The Bush administration is defending its handling of the U.S. economy at a time of growing public unease. VOA's Paula Wolfson reports during a series of interviews on American television Treasury Secretary Henry Paulson stressed the government will do what it takes to maintain stability in the financial system.

The White House is waging an all-out effort to ease election year fears about the economy.

Polls show it is the number-one issue on the minds of most Americans, and from the president on down administration figures are seeking to reassure the public.

They stress the fundamentals of the economy are sound, and steps are being taken to ensure the current slowdown is temporary. A stimulus package of tax rebates and small business incentives has been signed into law.

And on Friday, the U.S. central bank helped strengthen a major investment firm facing collapse.

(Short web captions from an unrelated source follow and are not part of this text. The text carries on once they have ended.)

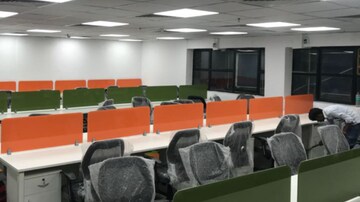  Office Space For Rent in Rustomjee Central Park, Andheri East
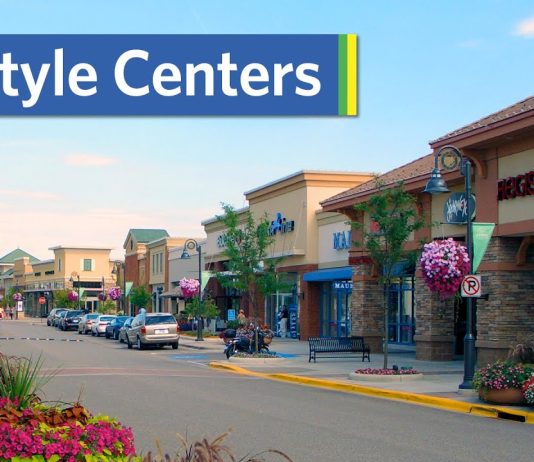 Sunday Video: Can You Build Main Street in the Suburbs?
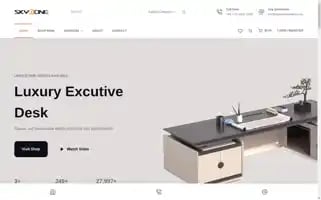 Skyonefurniture.com Screenshot 2024-05-20 11:11:15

The firm - Bear Stearns - was caught up in the crisis in the home mortgage market.

On CNN's Late Edition program, Treasury Secretary Paulson said the action taken by the Federal Reserve was warranted.

"Our number-one priority with everything we are doing in the economic arena is to minimize instability, minimize spill over into the real economy, and I think that is pretty clear from the actions you have seen the government take," said Paulson.

Paulson said officials are continuing to keep a close watch on the turmoil on the financial markets, but declined to say if the government would step in again to rescue an investment firm.

Instead, he tried to keep the focus on the positive. During an appearance on ABC's This Week program, he expressed confidence that the financial markets would work their way out of the current crisis.

"Our financial institutions - our banks and investment banks - are very strong and I am convinced that they are going to come out of this situation very strong," he said. "Our markets are resilient, flexible. I am quite confident we are going to work our way through this situation."

But top Democrats in Congress are less sure about the prospects for a speedy recovery, and they are putting the blame for the nation's economic woes squarely on the Bush White House.

House Speaker Nancy Pelosi told This Week the Bush administration waited too long to take action.

"I think that much of what the administration has done has been too late," said Nancy Pelosi.

Pelosi noted that Democrats are already working on a second economic-stimulus package. President Bush has said he wants to give the current plan a chance to work before taking further measures.

The president meets with his advisory panel on financial markets on Monday. Among those taking part in the discussions will be Paulson and Federal Reserve Chairman Ben Bernanke.